Als sich ein großer deutscher Fußball-Abend dem Ende entgegen neigte, rollten Tränen. Alexandra Popp hatte in der 86. Minute gegen Dänemark mit ihrem Treffer zum 4:0 einen berauschenden Start des DFB-Teams in die Europameisterschaft in England auch emotional abgerundet. Und die Stürmerin ließ sich von der Größe des Augenblicks kurz überwältigen. Das Spiel war nach Treffern von Lina Magull (21. Minute), Lea Schüller (57.) und Lena Lattwein (76.) längst entschieden, das Tor der Kapitänin war dennoch besonders. Es war das erste Tor bei einer Europameisterschaft für die Olympiasiegerin und zweimalige Champions-League-Gewinnerin. Und vor allem der Beweis, dass ein langer, schwerer Weg zurück zum Ziel führte.

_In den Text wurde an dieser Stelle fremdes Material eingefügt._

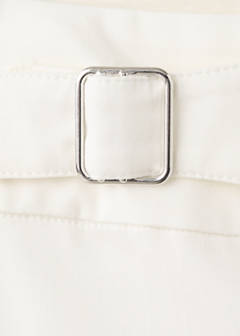 Belt straight-fit trousers — White 9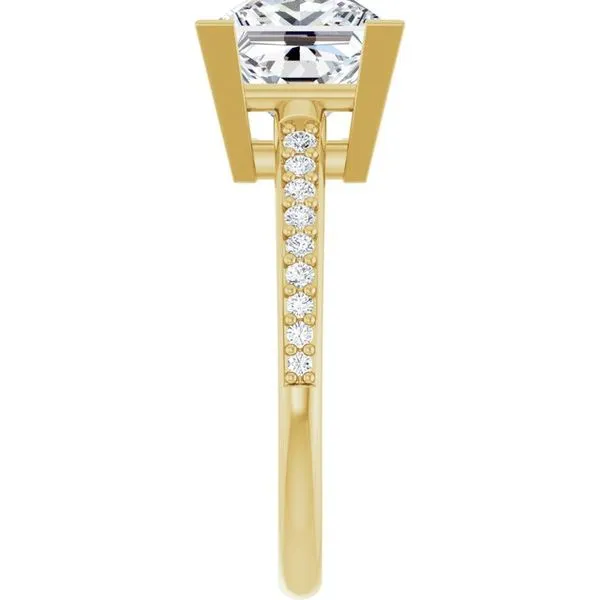 V-End Prong Engagement Ring Image 4 J. West Jewelers Round Rock, TX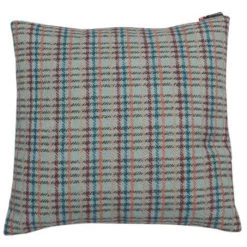 David Fussenegger SILVRETTA Junges Karo Kissenhülle - 40x40 Cm - Hellgrün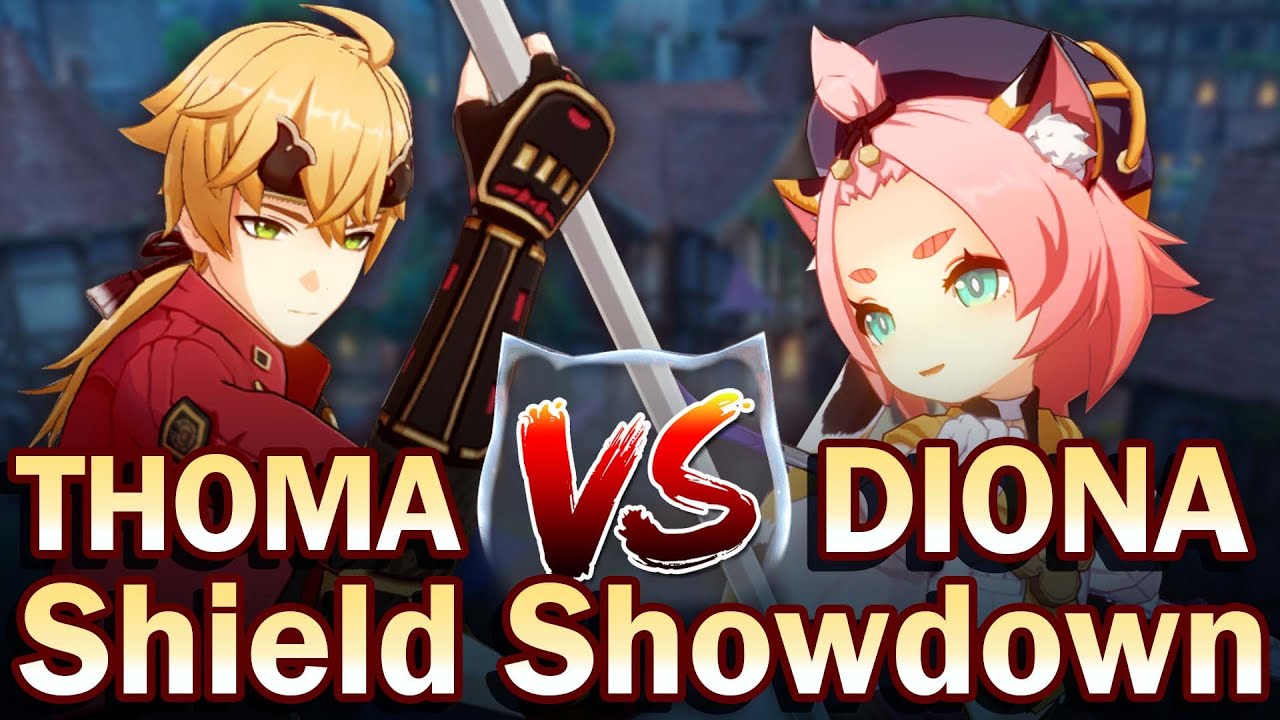 THOMA vs DIONA 4★ SHIELD SHOWDOWN! Support Test Comparison & Analysis | Genshin Impact 2.2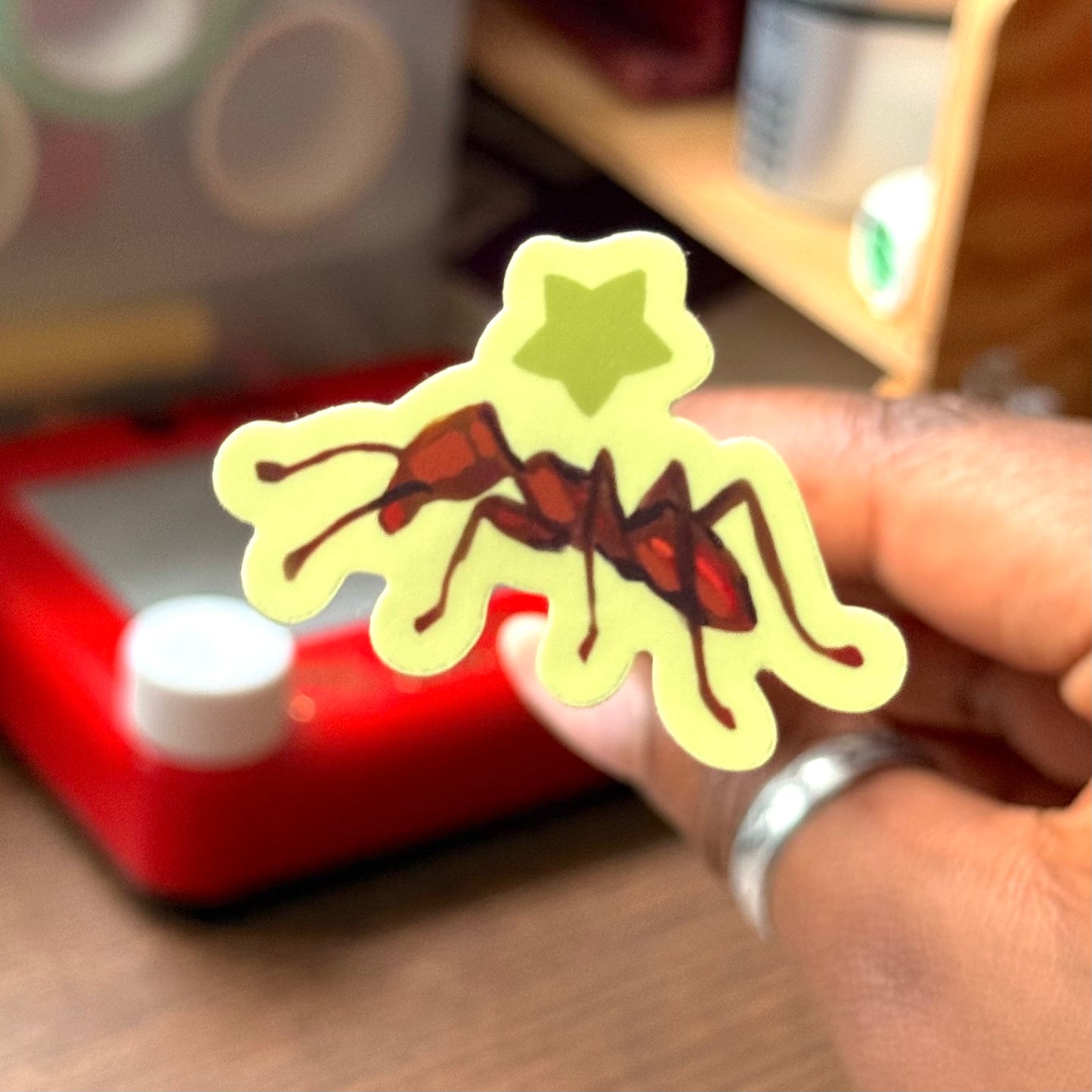 "Pollinator Power Ant" Vinyl Sticker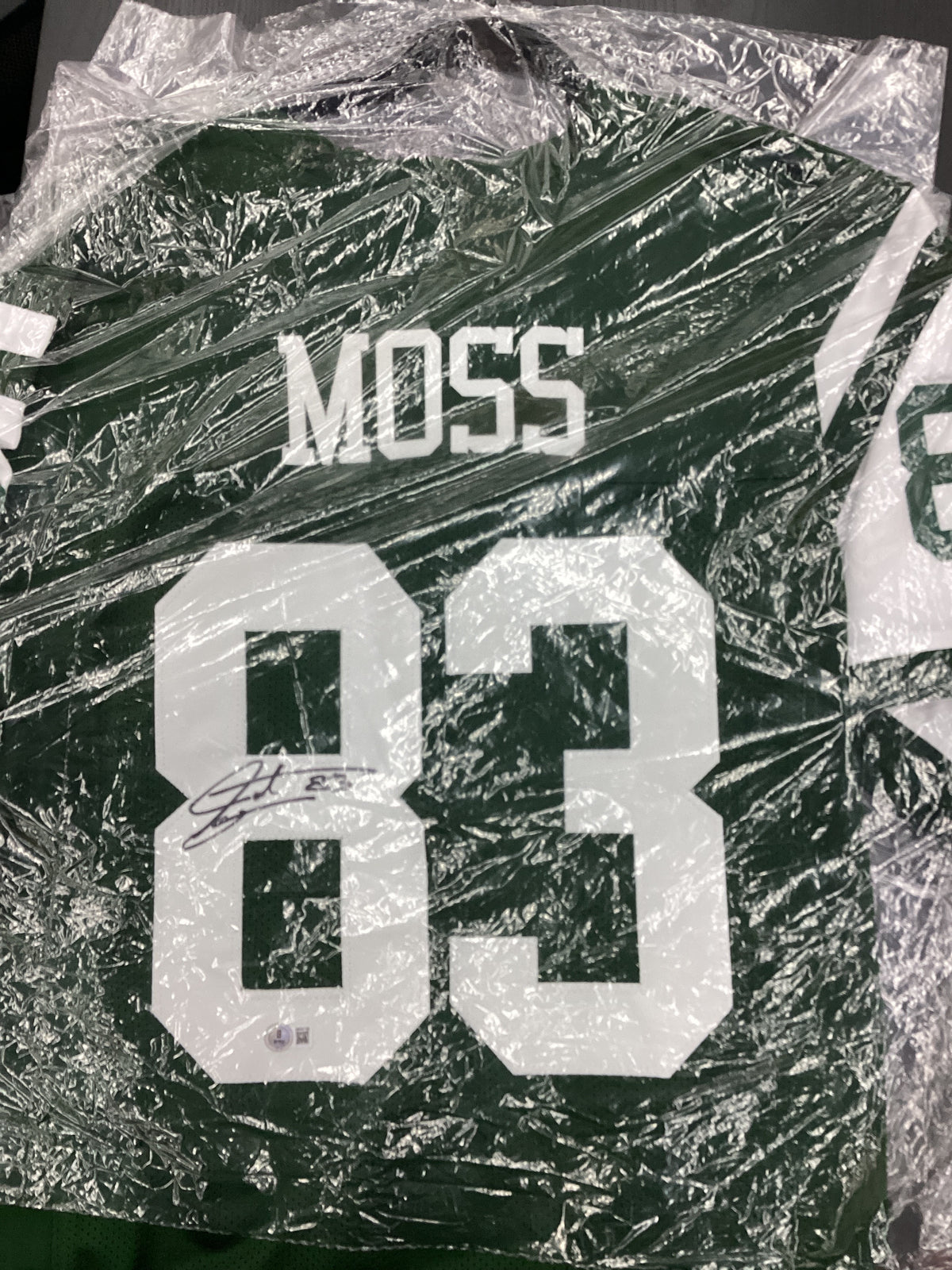 Signed Jersey - Jets - Moss #83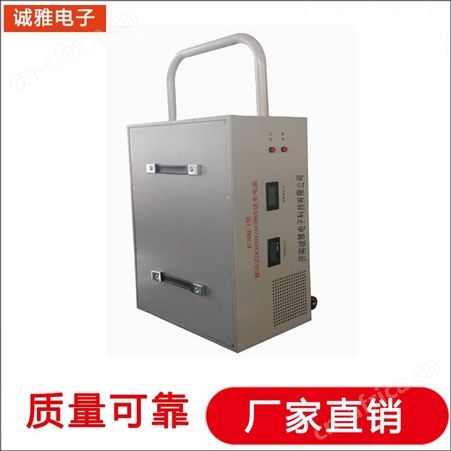 诚雅电子交流电源生产厂家 可移动变频电源 DC110V逆变电源性能稳定
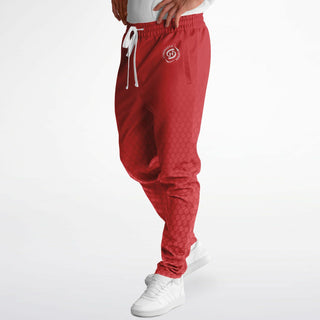 Mens Track Pants - Fire Red - Synergetic Heroes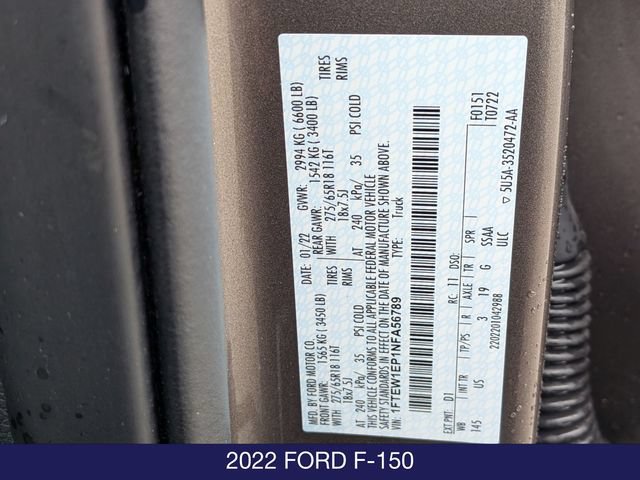 Certified 2022 Ford F150 XLT w/ Equipment Group 302A High AWD/4WD image 30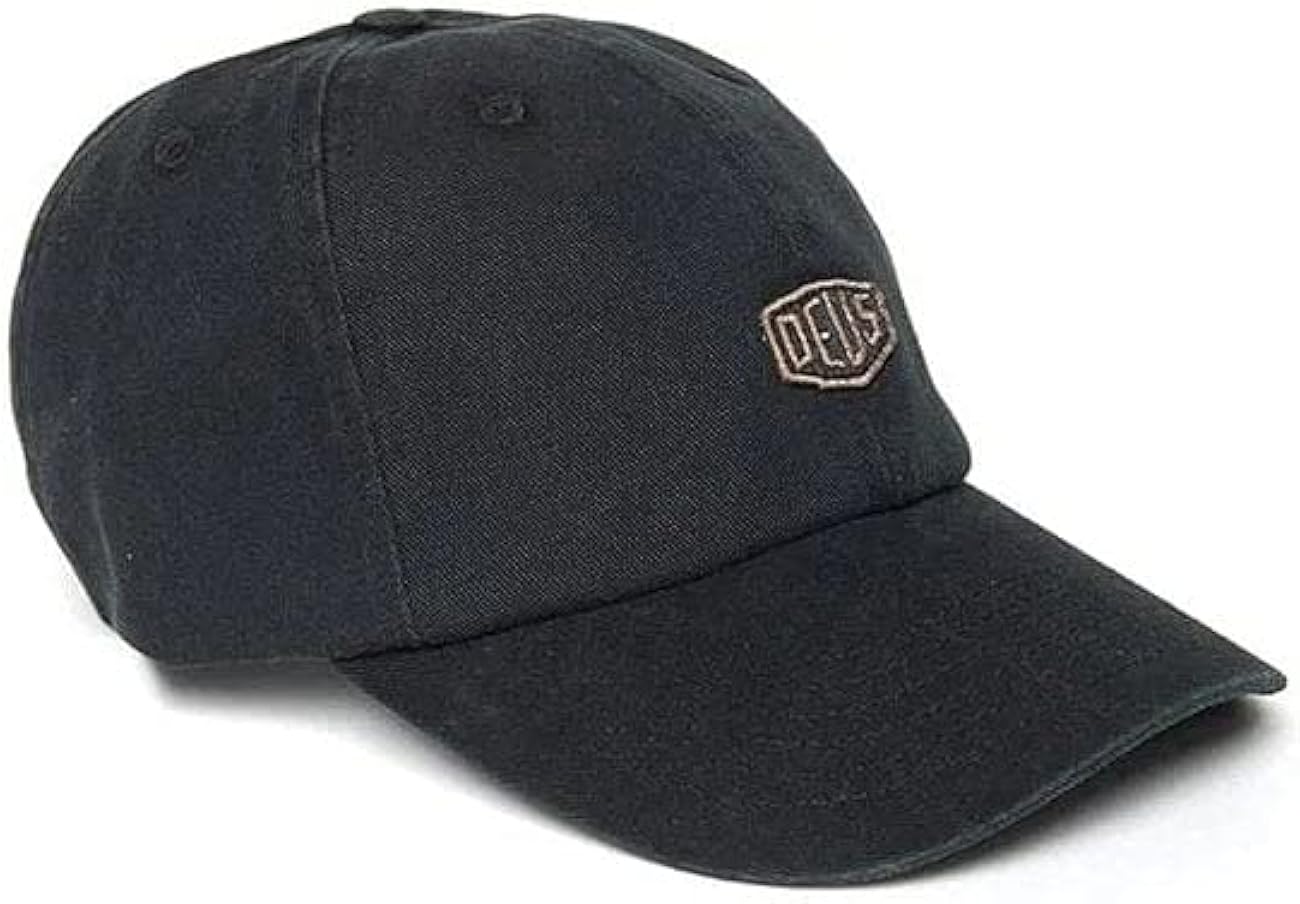 Deus Ex Machina Shield Standard Dad Cap Black Amazon.co.uk Clothing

"Ich kann es gar nicht glauben. Ich bin mega-froh, dass wir so einen Auftaktsieg geschafft haben. Die Mannschaftsleistung war überragend", schwärmte Popp, die alle nur "Poppi" rufen. "Das 4:0 war auch in der Höhe verdient. Das macht Lust auf mehr." Die Kapitänin war mit 114 Länderspielen im Rücken nach England gereist, die Stürmerin traf in der Champions League, bei Olympia, bei Weltmeisterschaften und in der Bundesliga. In jedem denkbaren Wettbewerb traf sie so oft, dass "alleine ihr Name beim Gegner etwas auslöst", wie Bundestrainerin Martina Voss-Tecklenburg in einer ARD-Dokumentation von ihrer Angreiferin schwärmt.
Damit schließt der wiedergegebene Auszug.